Minister of Communications Faith Muthambi has said in a column for the Daily Maverick that she is committed to pushing new laws to extend the reach of the Film and Publication Board (FPB) to include online content.
The Film and Publications Amendment Bill and the FPB’s related draft online regulation policy have been widely criticised for impinging on citizens’ constitutional rights to freedom of expression.
In 2015, the Electronic Frontier Foundation called the FPB’s draft online regulation policy Africa’s worst new Internet censorship law.
Muthambi said that as the “custodian department for communications platforms in South Africa”, their conviction has become stronger that they did the right thing by tabling the amendment to the Films and Publications Act of 1996.
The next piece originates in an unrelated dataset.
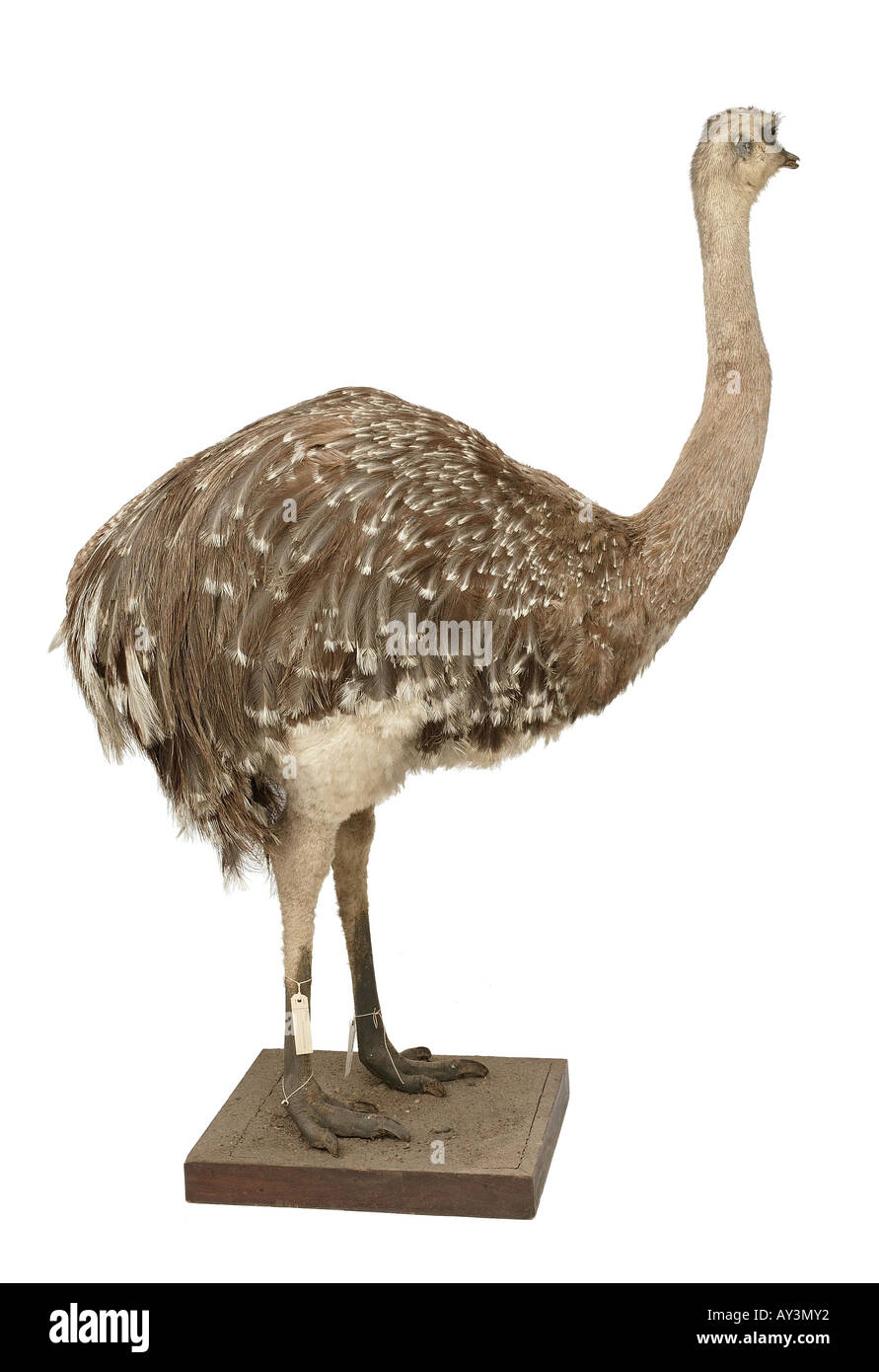 Pterocnemia pennata pennata nandou Banque D'Images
Among other things, she said, it will compel all online content distributors to ensure that their content is not offensive or in violation of the country’s laws.
“The eruption of racism at the beginning of this year serves as a great reminder of the power of the Internet and social media, and just how destructive that power can be in the wrong hands,” said Muthambi.
The recognition of the “maliciousness and vitriol found in many online platforms” has caused local and global publications to close their online comments sections, she said.
Muthambi said the Internet presents new and complex challenges for content classification.
“As policy makers, we need to respond appropriately to ensure that this medium is effectively regulated, in the same way that radio, television, and print media are compelled to abide by certain rules.”
Cabinet has already approved the submission of the amendment bill to Parliament, and Muthambi said the proposed changes are set to come up for discussion in February and March.